The tram line was opened by the Rheinische Schuckert-Gesellschaft in December 1910 . This she brought in July 1911 as a co-founder of the Upper Rhine Railway Company (OEG). Since the railway was only used for passenger traffic, it was severely affected by the extension of the railway from Mannheim-Rheinau from Brühl to Ketsch in July 1912. During the period of high inflation , operations ceased in April 1923, and did not resume until May 1925. The railway was not economically successful, so in 1930 only half of the costs were covered by fare income. Due to financial problems, the company was finally shut down on March 31, 1938.

Route

The former depot in Schwetzingen

The railway had a depot in the Schwetzingen Südstadt on the edge of the grounds of the Bassermann canning factory , where the Theater am Puls now has its venue. An operating line initially led through Marstallstrasse and Bismarckstrasse to the train station , where regular service began. It went on to Carl-Theodor-Straße and this further to the west. From 1927, a section of the Heidelberg tram , coming from Plankstadt and on to the castle , ran parallel to a section of around one hundred meters between the confluence of the bridge ramp and the so-called turntable . The Ketscher tram, on the other hand, turned south into Friedrichstrasse and continued to Bismarckplatz, where it bent west along Zähringer Strasse and the country road to Ketsch. After crossing the town on Schwetzinger Strasse, she turned north at the Catholic church, ending a few meters in front of the Enderle inn .

vehicles

The railway had three bidirectional railcars built by MAN with 20 seats and 27 standing places, the electrical equipment came from Schuckert . The two single-axle bogies made it possible for the vehicles to negotiate tight bend radii. After the operation had ceased, the railcars came to the Stralsund tram . One of the vehicles was destroyed in an air raid in the final phase of World War II, the other two rebuilt after damage. They were in regular service until the 1950s, one of the two then as a work car for two more years . The two sidecars of the Ketscher tram were sold to the Merseburg tram , the salt car to Łódź . Two more work cars remained with the OEG, where they were used in the rest of the network.

literature

  • Dieter Höltge: Trams and light rail vehicles in Germany.
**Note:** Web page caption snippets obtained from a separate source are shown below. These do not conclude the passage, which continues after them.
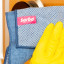 Sorbo Kitchen Degreaser Scrub Cloth close up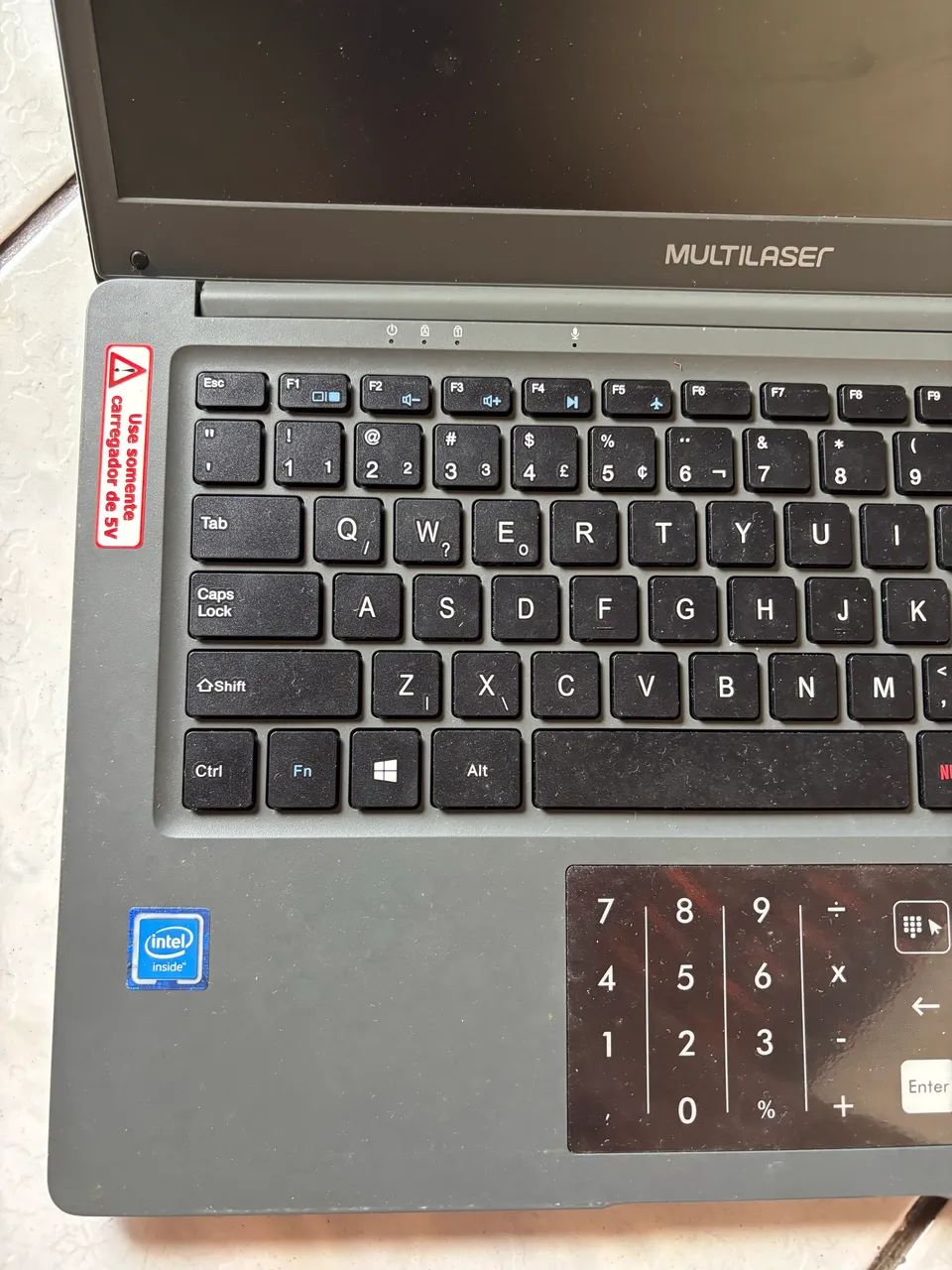 Notebook Multilaser - Foto 4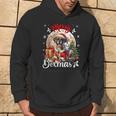 Boxer Dog Christmas Boxer Merry Boxmas Boxer Kapuzenpullover Lebensstil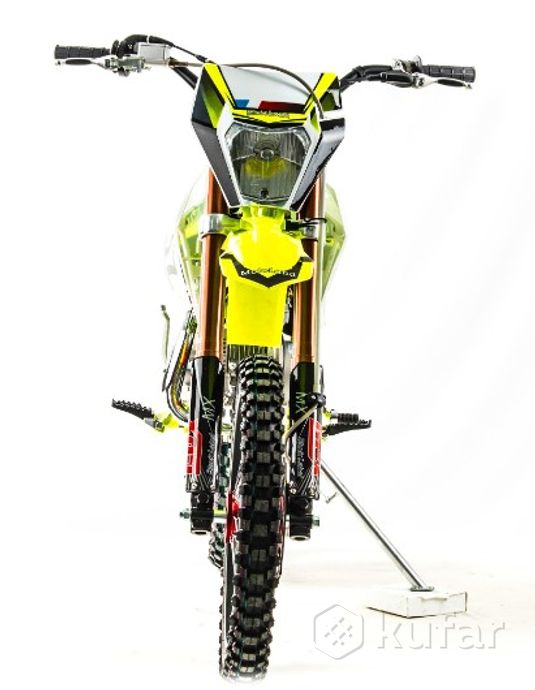 фото мотоцикл motoland кросс mx 125 kke без птс 2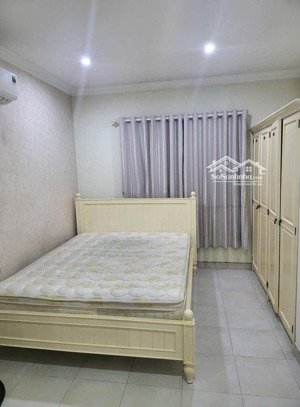 chung cư khải hoàn, lạc long quân, p5, q11: 95m2, 2p ngủ, nt, 13tr/th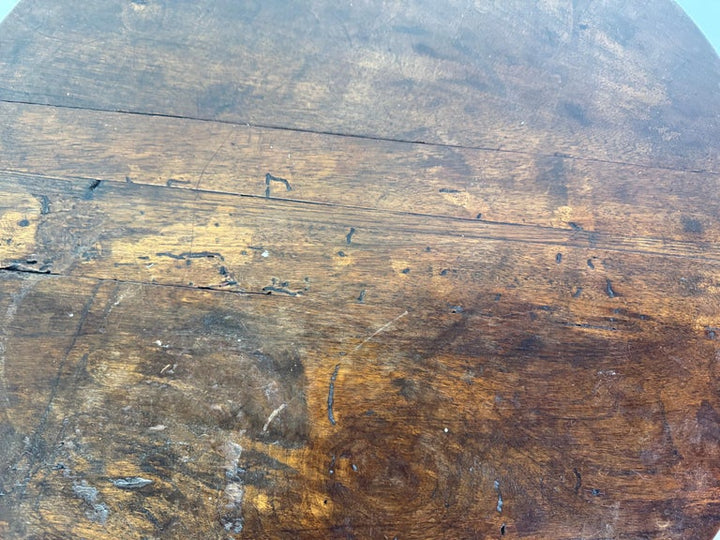 19th Century Italian Renaissance Revival Carved Walnut Table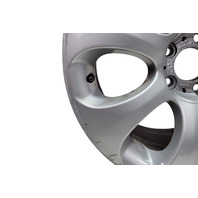 2006-2007 BMW E63 E64 650i 645Ci, Rear 9JX19 ET:18 Alloy Wheel Style 121, #2, 36-11-6-760-630, F039, OEM, 2006, 2007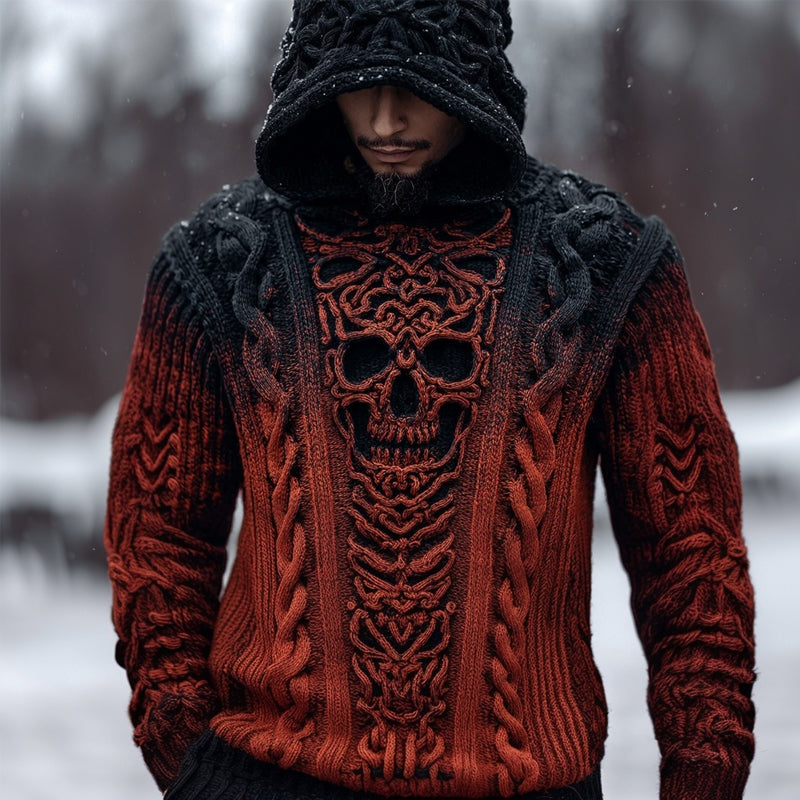 Timeless Vintage Style Sweater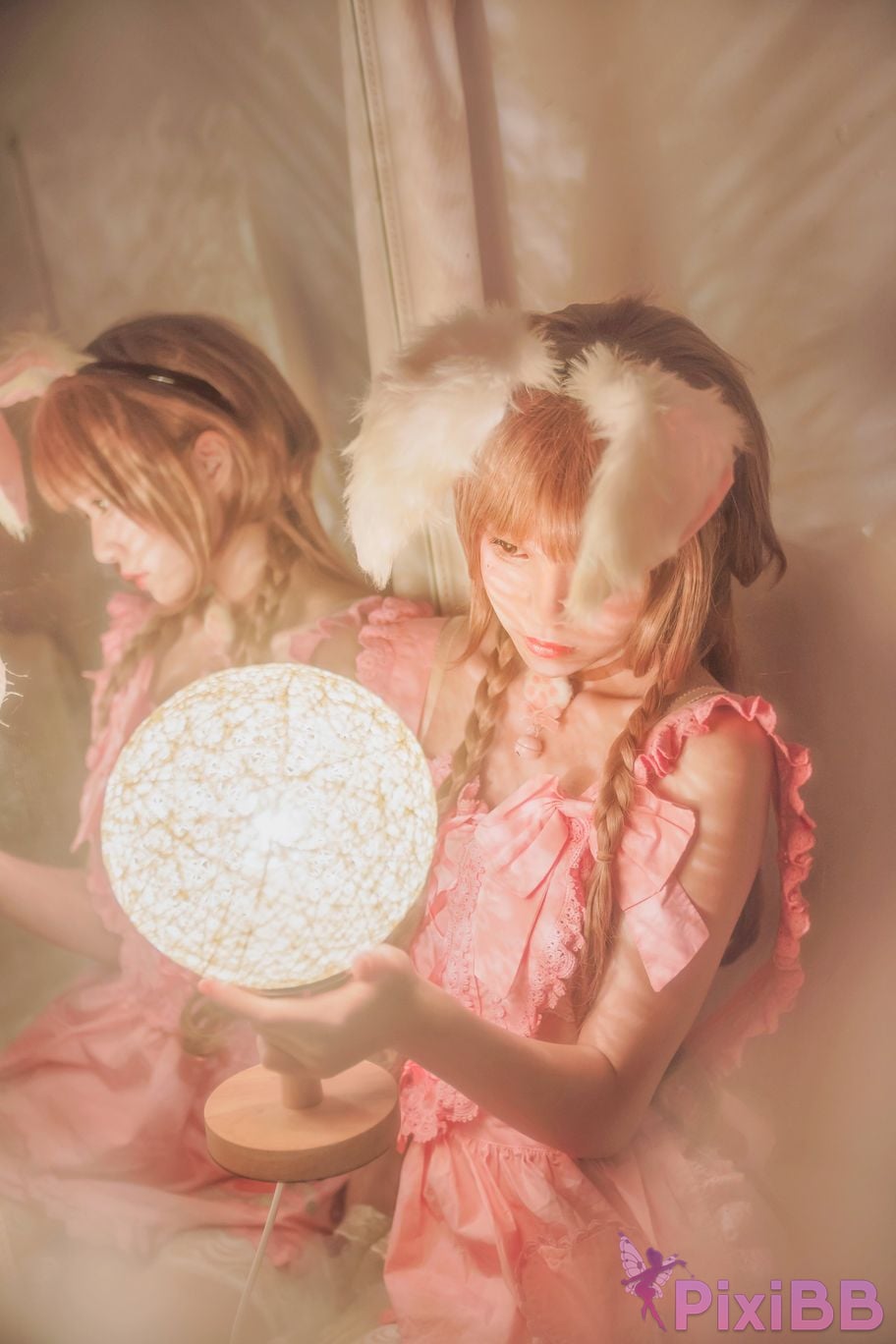 Coser Cherry neko Vol.015 2018 PixiBB.COM 002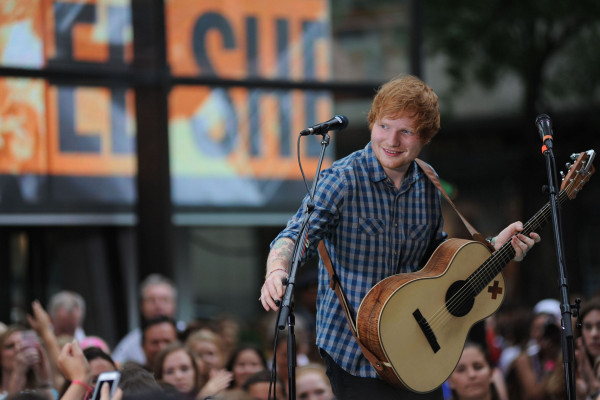 Ed Sheeran pic #1044957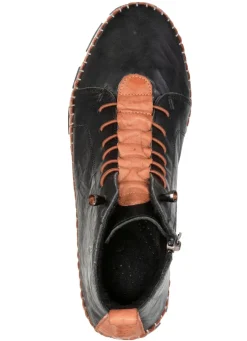 Gemini, bequeme Damen-Boots, Weite G, mit herausnehmbarem Fußbett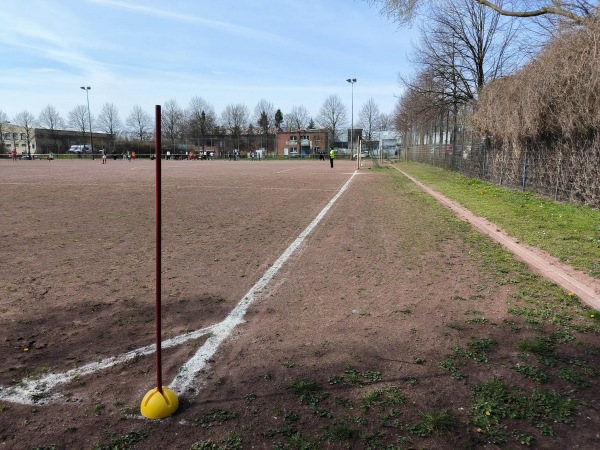 Sportplatz Rüschweg - Hamburg-Finkenwerder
Volume 6: Bathing . EK-Verlag, Freiburg im Breisgau 1999, ISBN 3-88255-337-5 .
  • Jürgen Gruler: Three people from the Electoral Palatinate are making careers in Stralsund. Schwetzinger Zeitung, August 29, 2006. Digitized version on the website of the “Theaters am Puls”, PDF file, 224 kB

Individual evidence

  1. The last relics of the tram era. Schwetzinger Zeitung, January 12, 2013, accessed on February 18, 2018.
  2. Compare this contemporary photo on the website of a ketch photo shop, accessed on February 20, 2018.